Uncle Traveling Matt
Sunday, January 01, 2006
 
Day 13: New Year's Adventures in Kraków
The breakfast room the next morning was infested with Russian tourists and kids, both of whom had their hands all over the food. Kevin and other germophobes would not do so well in Poland.

Chase took about 2 hours to get ready, so I decided to leave his ass in the hotel. I took my camera and did a photoshoot. The city is absolutely photogenic. It was somehow even more so with 4+" of snow.

I loved the apostles at the one church:



I ducked briefly into an empty café, on the way. I had a beer. Then another. Some Russians came in. They were so obnoxious and dressed so scummy. They wanted vodka drinks. How people can drink so early in the day amazes me.

They were loud. I think these were the same people that sat next to me at the classical music concert in Prague last year. At the time, I commanded them in German to shut up. The German language works great for these type of situations.



After taking dozens of pictures, Chase and I met up at 2:00 pm and had a late lunch at the Kabab place across from the Kabab place that I like. Scrawny bitch picked this particular restaurant. My kebab had two thin pieces of chicken. Probably the only "bad" meal that I have had on this trip. I mean, it tasted fine, but just was not the best.

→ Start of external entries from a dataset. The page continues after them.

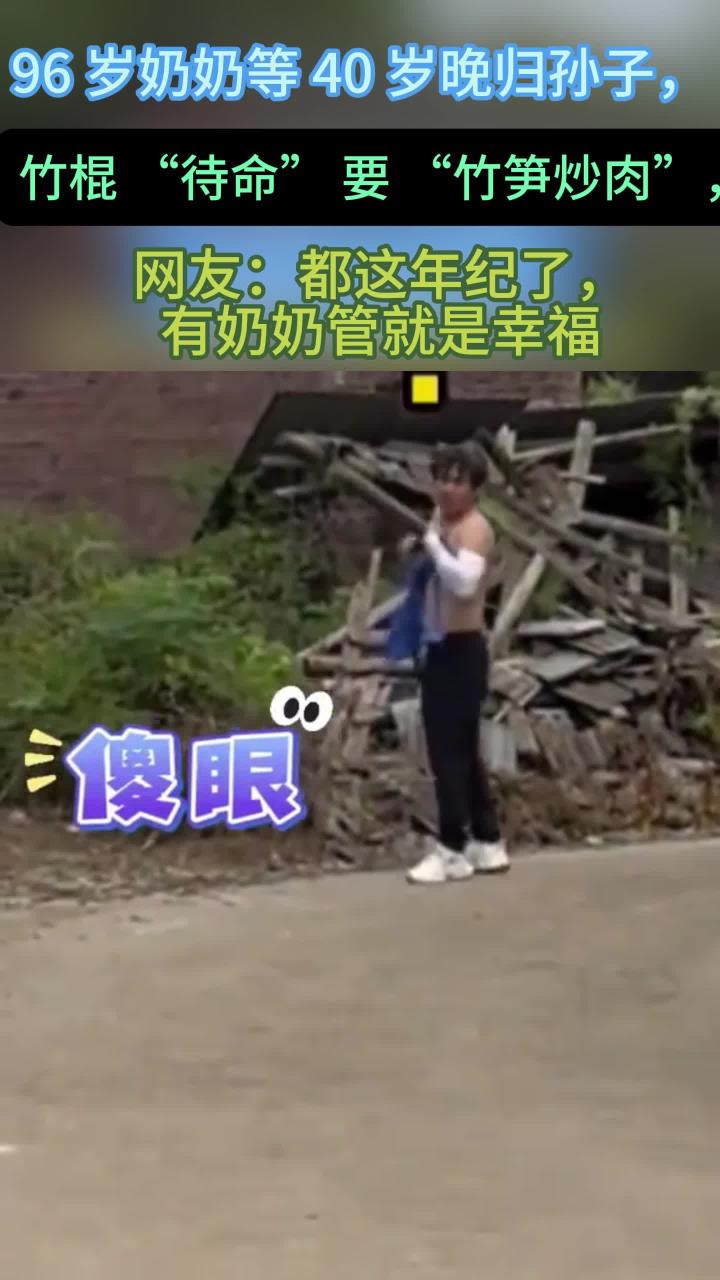 网友：都40岁了有奶奶打也是一种幸福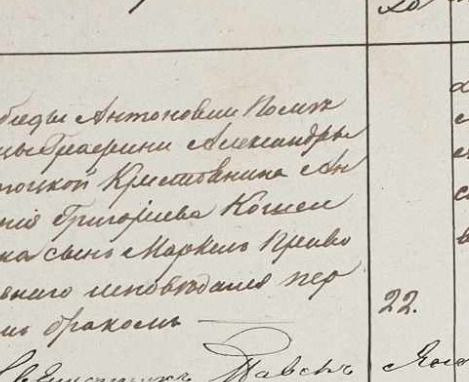 Маркел Антонович Кошельник Маркел Антонович Кошельник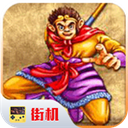 西游释厄传无限能量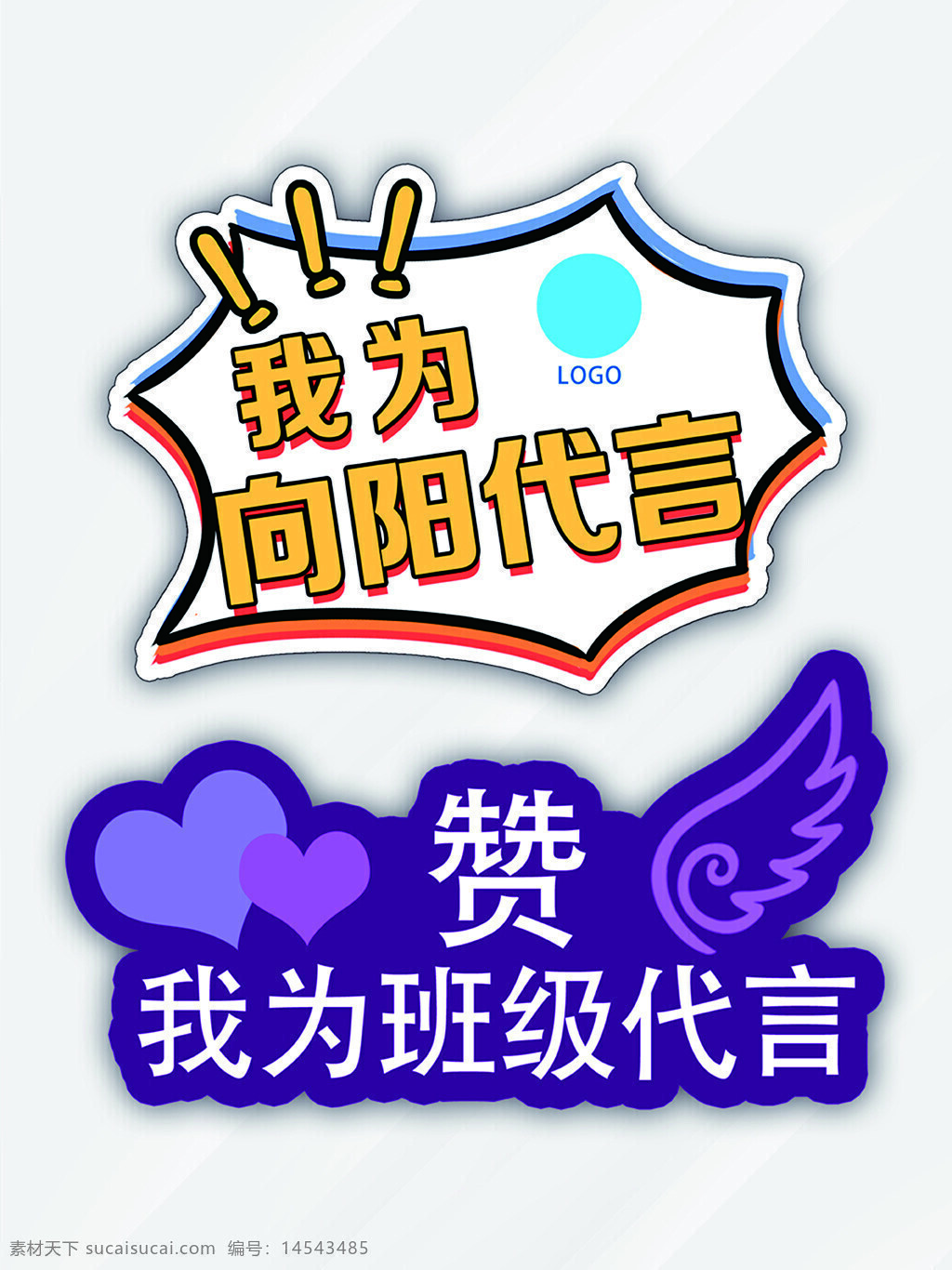 星美裝飾 心形 星形 皇冠 代言牌 造型牌 異型牌 手舉牌 簽約牌 簽約代言牌 我為代言 建材代言 裝飾代言 衛(wèi)浴代言 燈飾代言 櫥柜代言 家居代言 家具代言 拇指代言 異形代言 品牌代言 簽約代言 成功簽約 異形簽約 矢量代言 矢量簽約 教育代言 教育手舉牌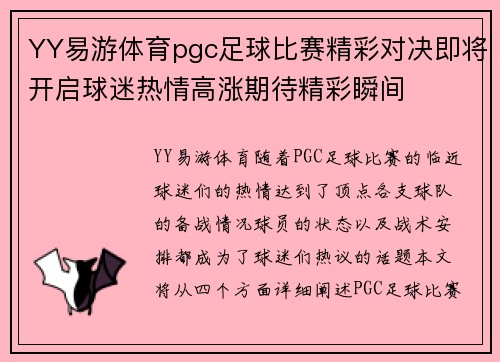 YY易游体育pgc足球比赛精彩对决即将开启球迷热情高涨期待精彩瞬间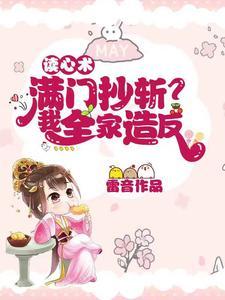读心术：满门抄斩？我全家造反封面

We walked around some more.

BREAKING STUFF

I was wanting a beer and to get out of the cold. So we ducked into a bar. The woman waitress did a longwinded soloquay in gibberish, or in Polish. Not sure which.

I explained we spoke English and she apologized that the bar was closing.

No problem. We packed up our stuff, put on our coats then went to the door. The door was locked with the key on the door.

Although Chase is a high falootin' Wall Street tax lawyer, he is a bit "Glenn Doyle"ish when it comes to things like locks. He couldn't get the door to unlock.

I tried it. No dice.

We asked the woman to help us with the door. She tried and tried.

"Let me try again," I said.

I forced the lock hard to the left and it gave.

"F***," I said as I realized that I was holding the broken key. Two cuties in a nearby table thought this was terribly funny.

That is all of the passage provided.